Estou nesse novo número com uma série (incompleta, pretendo), para um livro futuro, sobre o poder judiciário. Um singelo trecho: "[...] após o furto/ de todo um refrigerante,/ condenada por arguto/ magistrado, a meliante// na prisão sofreu insultos,/ ficou cega e delirante,/ mas, para encerrar o assunto,/ já não furta como antes", em poema que, pelo menos, trata de assunto sempre atual, confirma-o esta reportagem de Altino Machado sobre preso que ficou cego e tetraplégico sob a responsabilidade de agentes penitenciários: http://terramagazine.terra.com.br/blogdaamazonia/blog/2013/07/31/preso-fica-cego-e-tetraplegico-apos-tortura-por-agentes-penitenciarios/
Há outro autor brasileiro, Fabio Weintraub, com poemas de sua próxima obra, cujo projeto recebeu neste ano apoio da Petrobrás. Já li também o forte ensaio de Fernando Curopos sobre Al Berto, que muito interessará aos vários leitores desse poeta e a quem se dedica às questões de gênero na literatura.
Um dos poetas portugueses contemporâneos que acompanho é Vítor Nogueira. Ele está na revista com seu costumeiro tom próximo da prosa e, tantas vezes, irônico. Gostaria de terminar esta nota lembrando de um livro desse autor, Comércio tradicional, que a Averno lançou em 2008. Bastante da atual crise portuguesa está nele. As próprias dificuldades desse local de sociabilidade que é o comércio tradicional são um dos principais temas do livro e indicam outros modos de vida que estão ameaçados pelo que se chama de progresso: "Restos de grandes fogueiras./ É para isso que as pessoas vivem." ("Cruzes", p. 7), em confrontos às vezes brutalmente diretos:
Outra vez o argumento do progresso.
Uma excelente demonstração de artilharia.
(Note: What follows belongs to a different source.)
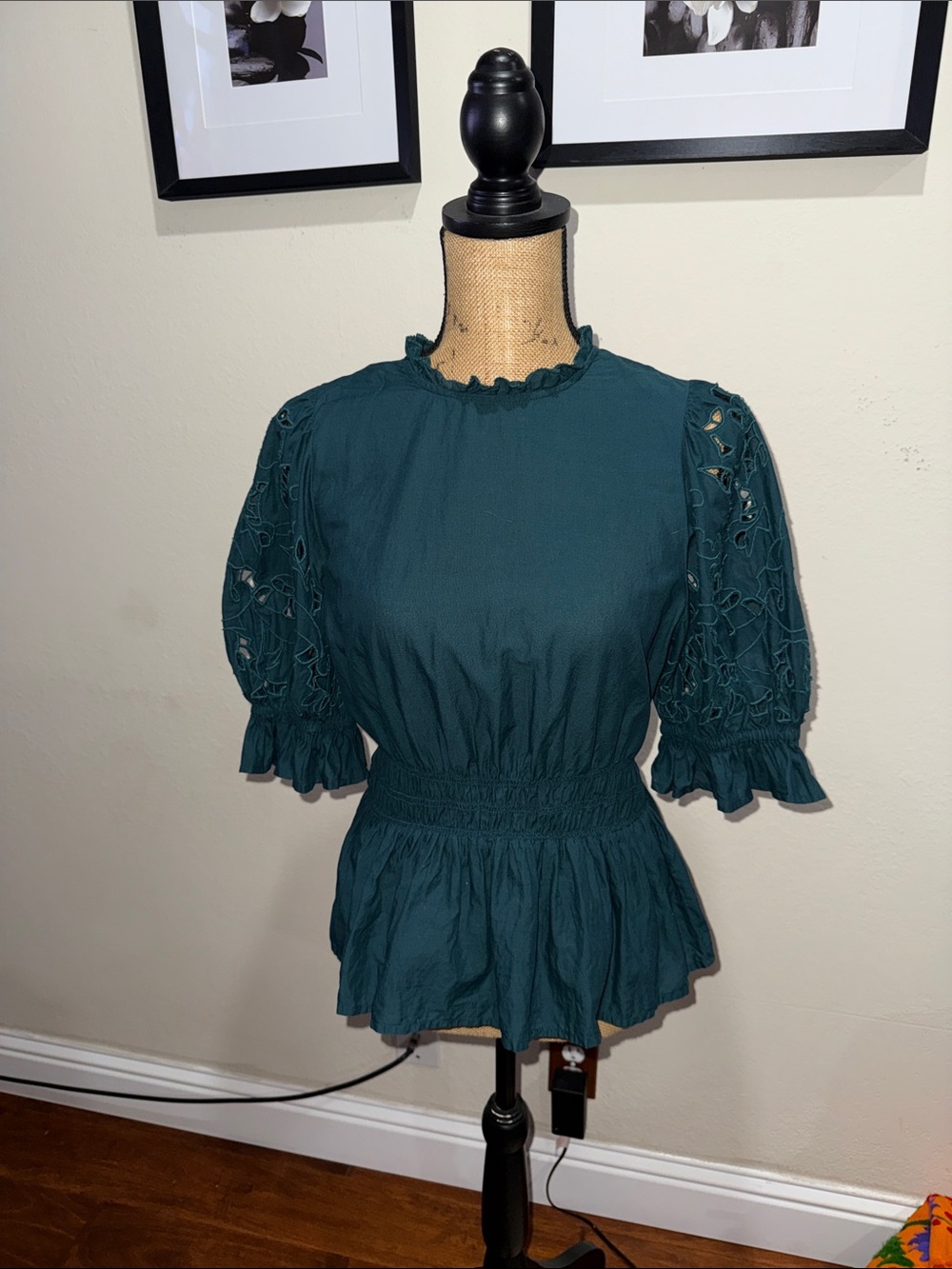 Universal Thread Teal Embroidered Puff Sleeve Smocked Peplum Top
Os aviões desapareceram do radar, logo após
aquela linha de destroços. Estamos prestes
a aterrar, é melhor pormos o cinto.
Vai cair um café dos anos vinte.
("Queda", p. 39)
A referência aos lugares que se fecham ou entram em crise vai de par com retratos, que podem ser patéticos, como este:
É aqui que os sonhos vêm morrer. Ao balcão,
ele e o copo, apenas os dois contra o mundo.
Temos de admitir que por vezes
conhecer uma pessoa é desumano.
("Cervejaria", p. 31)
A cidade abandona-se a si mesma, no seu chão vê-se "a pele escamosa de um animal extinto,/ um esqueleto completo e articulado,/ apenas reconhecível através do tamanho/ e da forma dos ossos." ("Vestígios, p. 34). Nesta geografia sentimental da crise, a ironia é, em alguns poemas, cortante. O último verso do poema final, "Ninguém sabe o que vão ser as cidades amanhã." poderia ser apenas mais um exemplo da mutabilidade do espaço urbano, presente na poesia moderna ao menos desde Baudelaire. Mas o título do poema é "Franchising"... eis a resposta que se divisa para o retrato das cidades futuras! Serem não um original, mas uma réplica licenciada de outro espaço, um não lugar dedicado ao consumo? Réplicas da revista Ler?